═══ Data in this exercise ═══

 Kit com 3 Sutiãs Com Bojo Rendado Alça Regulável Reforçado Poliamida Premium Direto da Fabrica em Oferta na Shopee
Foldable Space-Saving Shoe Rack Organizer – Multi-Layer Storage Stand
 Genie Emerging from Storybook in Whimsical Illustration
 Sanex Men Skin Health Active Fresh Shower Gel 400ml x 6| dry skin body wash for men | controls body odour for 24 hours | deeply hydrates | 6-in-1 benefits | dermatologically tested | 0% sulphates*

═══
═══ Data in this exercise ═══

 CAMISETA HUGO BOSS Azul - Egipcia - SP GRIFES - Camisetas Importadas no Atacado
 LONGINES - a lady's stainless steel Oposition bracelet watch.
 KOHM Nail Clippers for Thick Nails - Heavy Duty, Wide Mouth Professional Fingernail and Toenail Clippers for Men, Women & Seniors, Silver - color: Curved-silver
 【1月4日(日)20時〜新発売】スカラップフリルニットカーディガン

═══
═══ Data in this exercise ═══

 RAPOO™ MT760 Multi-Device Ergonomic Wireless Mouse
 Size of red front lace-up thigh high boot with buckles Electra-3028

═══

#### [Problem requirements]
All lines above from the line with "Foldable Space-Saving Shoe" through the line with "Sanex Men Skin", both included, are to be set down exactly, with nothing else.

#### [Solution]
Foldable Space-Saving Shoe Rack Organizer – Multi-Layer Storage Stand
 Genie Emerging from Storybook in Whimsical Illustration
 Sanex Men Skin Health Active Fresh Shower Gel 400ml x 6| dry skin body wash for men | controls body odour for 24 hours | deeply hydrates | 6-in-1 benefits | dermatologically tested | 0% sulphates*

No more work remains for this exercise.